|30 January, 2019

Wednesday outlook: Oil prices rise again on Venezuelan sanctions

Oil prices rose as the U.S. imposed sanctions on Venezuela's PDVSA. Asian shares steady as investors await the outcome of the Fed's meeting. More commentary on Middle East markets, currencies and precious metals.

Image used for illustrative purpose. An oil well pump jack is seen at an oil field supply yard near Denver, Colorado February 2, 2015.

Image used for illustrative purpose. An oil well pump jack is seen at an oil field supply yard near Denver, Colorado February 2, 2015.

REUTERS/Rick Wilking
  • Oil prices rose on Wednesday on concerns over supply disruptions in Venezuela
  • Asian shares steady as investors await the outcome of the Fed’s meeting
  • Most markets in the Middle East retreated on Tuesday
  • Dollar weakens, gold prices rise

Oil prices

Oil prices rose again on Wednesday as the United States imposed sanctions on Venezuelan state-owned oil firm PDVSA, curbing its exports to the U.S. The gains followed a 2 percent price jump in the previous session.

U.S. West Texas Intermediate (WTI) crude futures were at $53.43 per barrel at 0333 GMT, 12 cents, or 0.2 percent, above their last settlement.

International Brent crude oil futures rose 17 cents, or 0.3 percent, to $61.49 per barrel.

“The sanctions so far have been mostly disruptive for refiners on the U.S. Gulf Coast, who are being forced to seek alternative heavy crude supplies, and have stepped up purchases from Canada,” Vandana Hari of Vanda Insights, an energy consultancy, told Reuters.

She added, however, that Canadian oil exports would be “constrained by pipeline capacity bottlenecks.

Global markets

Asian equities steadied on Wednesday as investors were awaiting for the result of the Federal Reserve’s rates review later in the day and the outcome of high level trade talks between the United States and China.
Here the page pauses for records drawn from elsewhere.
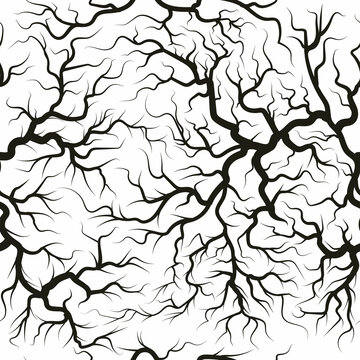Root system seamless pattern, underground plant silhouette. Branched black trees or plants roots vector background illustration. Tree roots pattern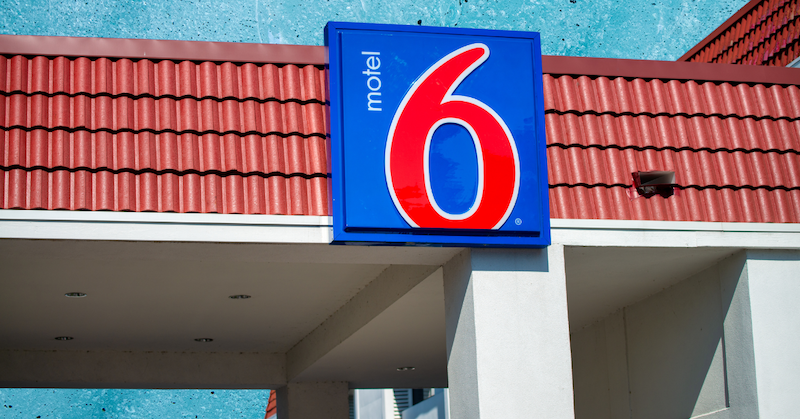 The exterior of a Motel 6 location.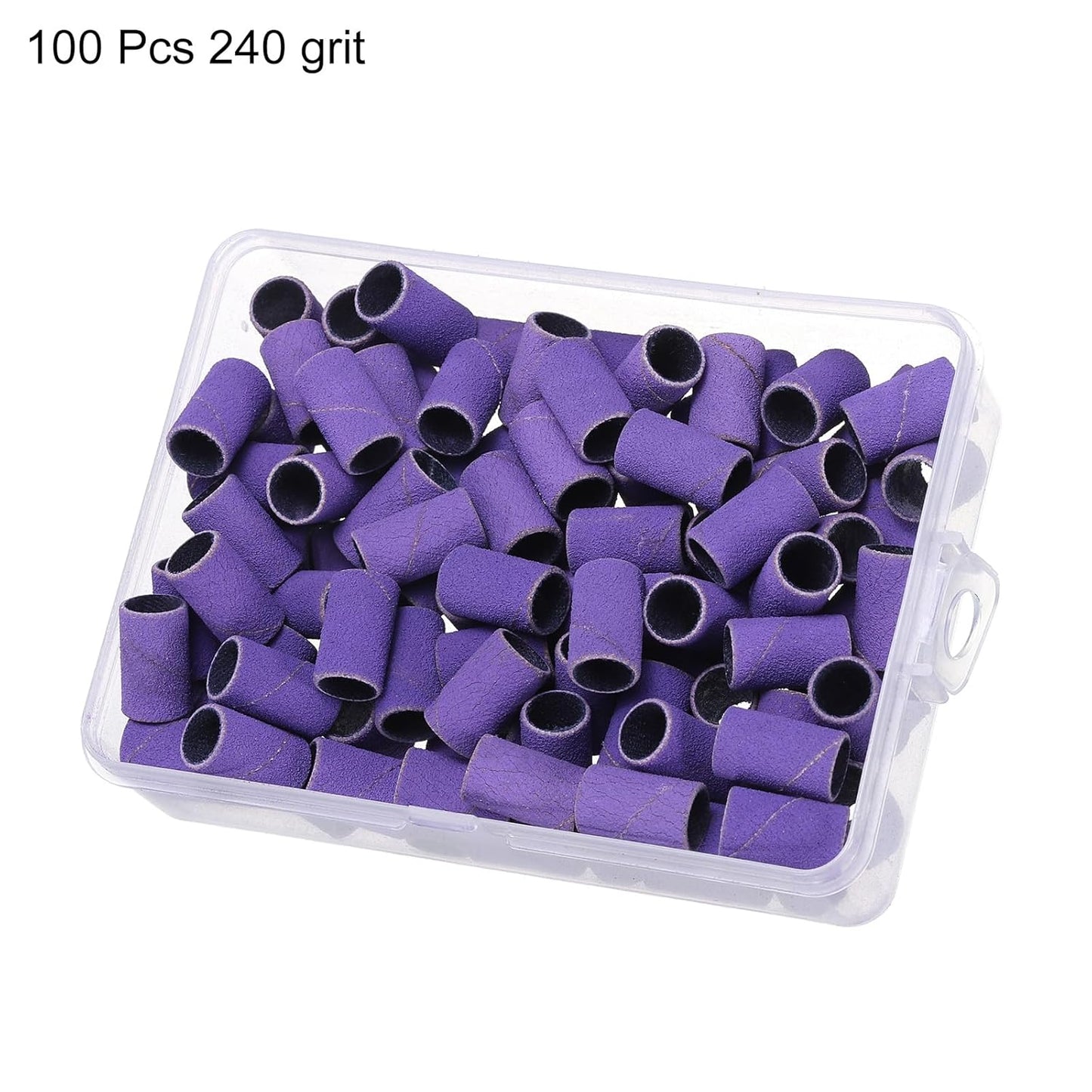 HARFINGTON 100pcs Small Sanding Bands 240 Grit for Nail Drill Bits Mini Sanding Band for Nails Gel Manicures Purple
MSCI’s broadest index of Asia-Pacific shares outside Japan was little changed. Japan’s Nikkei was an outlier, dropping 0.5 percent.
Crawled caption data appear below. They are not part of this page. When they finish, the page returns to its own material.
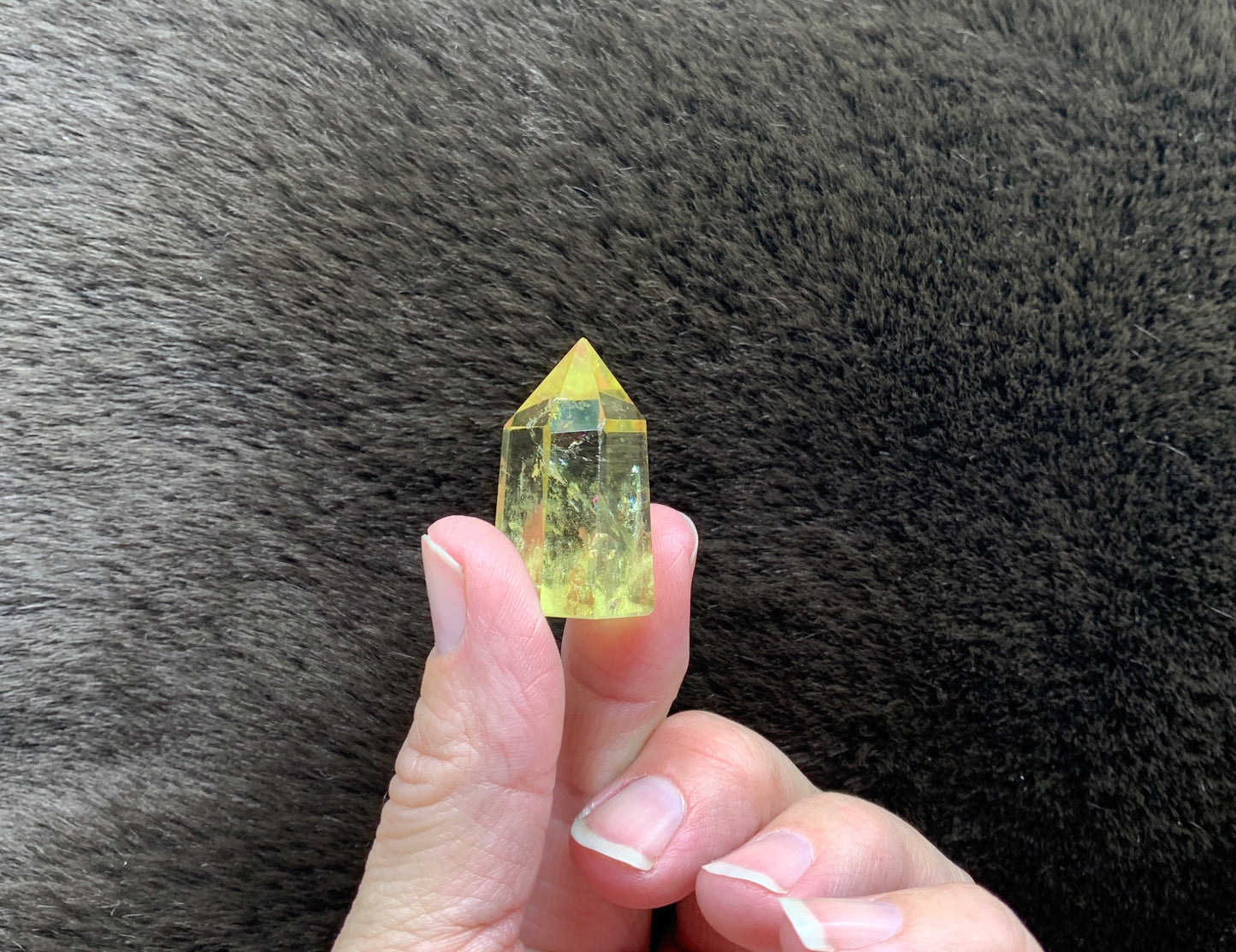 Yellow Citrine Obelisk, (Approx 1 1/2”) Crystal for Wire Wrapping, Healing Stone for Crystal Grid OBL-0122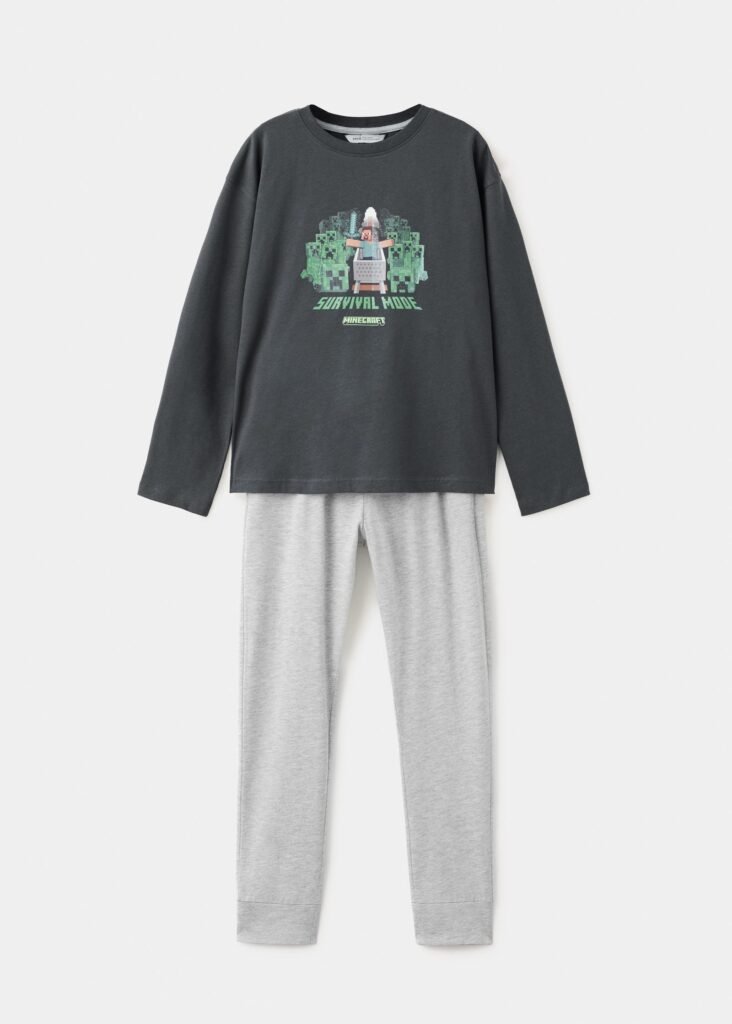 Pijama completo de algodão estampado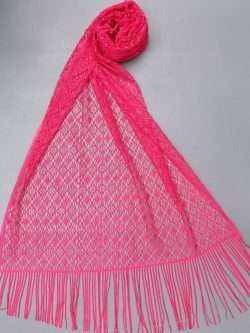 Cute Pink Colour All Season Spider Net Stole For Everyday Use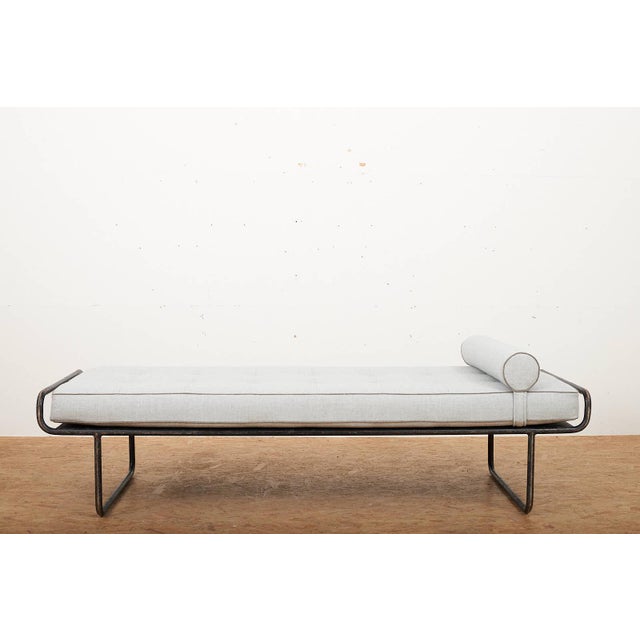 Daybed with Black Lacquered Steel Tubing For Sale - Image 3 of 16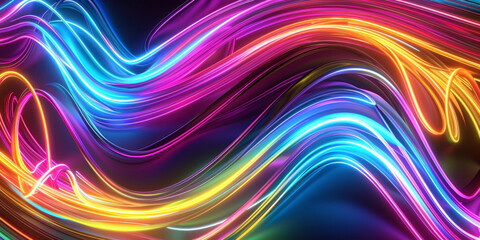 Abstract background consist with a myriad of colorful neon lines, each leaving behind a radiant trail of light.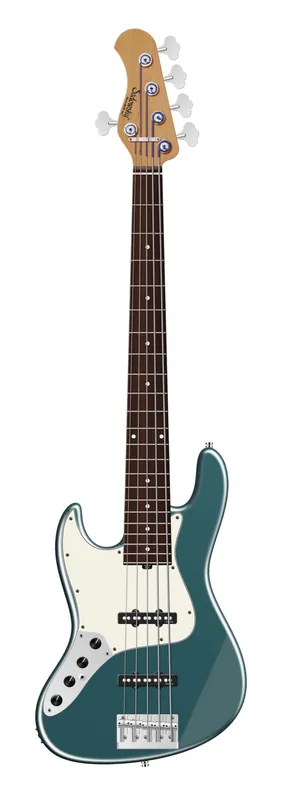 Zertifiziert Sadowsky MasterBuilt 22-Fret Will Lee Artist Line, Red Alder Body, Morado Fingerboard, 5-String, Lefthand - Solid Vintage Teal Green Metallic Satin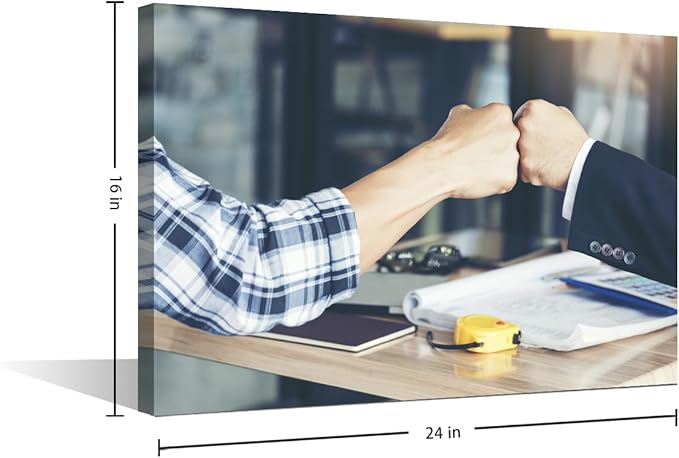 Wall Art For Office Business Partners Provide Fist Collision Pictures After Completing The Transaction Pictures 1 Panel Inspirational Wall Art Positive Modern Decor Poster Canvas Print (16"Wx24"H)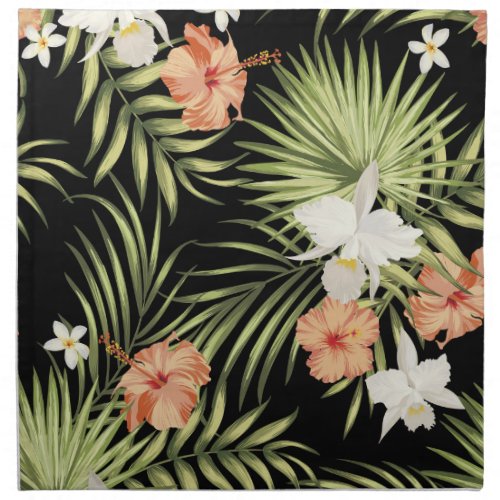 Tropical Hibiscus Vintage Floral Pattern Cloth Napkin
U.S. Treasury Secretary Steve Mnuchin said on Tuesday he expected to see significant progress in talks with Chinese officials and that U.S. charges against telecommunications giant Huawei Technologies Co Ltd were a separate issue, according to a Reuters report.

“It seems December was the worst month and since then things might be starting to recover a bit. If we can see more such evidence, market sentiment will be bolstered,” Nobuhiko Kuramochi, chief strategist at Mizuho Securities, told Reuters.
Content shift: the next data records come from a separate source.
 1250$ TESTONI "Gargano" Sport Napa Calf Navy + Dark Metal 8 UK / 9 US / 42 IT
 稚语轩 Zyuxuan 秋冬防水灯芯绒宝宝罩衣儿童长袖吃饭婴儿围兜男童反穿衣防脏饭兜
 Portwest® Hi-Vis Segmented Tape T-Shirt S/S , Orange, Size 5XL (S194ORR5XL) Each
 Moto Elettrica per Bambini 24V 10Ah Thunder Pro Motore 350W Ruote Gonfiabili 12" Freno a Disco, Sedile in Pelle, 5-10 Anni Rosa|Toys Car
“Yet, it’s still not clear how strong any such recovery would be. I would bet markets will be range-bound from here,” he said.

Middle East markets

Saudi Arabia’s index dropped 0.5 percent on Tuesday with Al Rajhi Bank dropping 0.8 percent and Samba Financial Group shedding 1.6 percent.

The Dubai index edged down 0.2 percent, pulled by its banking shares. Mashreq Bank plunged 10 percent, while Commercial Bank of Dubai slumped 7.5 percent.

Abu Dhabi's index dropped 0.4 percent, with First Abu Dhabi Bank falling 0.8 percent and Abu Dhabi's National Energy Company (TAQA) slipping 6.8 percent.

The Qatari index edged up 0.2 percent, helped by a 3.6 percent rise in Qatar Fuel and a 3.2 percent increase in Qatar Gas Transport Co.

The Egyptian blue-chip index EGX30 was up 0.5 percent, helped by a 9.9 percent jump in Global Telecom Holding.

Kuwait’s premier market index added 0.4 percent, Bahrain’s index gained 0.5 percent and Oman’s index gained 0.3 percent.


The dollar eased ahead of the Fed meeting.

The dollar index, which measures the greenback against a basket of six major currencies, dipped 0.1 percent to 95.732.

Precious metals

Gold prices rose on Wednesday as the dollar weakened.

Spot gold was up 0.2 percent at $1,313.91 per ounce by 0245 GMT, after touching its highest since May 15 at $1,314.10 early in the session.

U.S. gold futures rose 0.3 percent to $1,312.30 per ounce.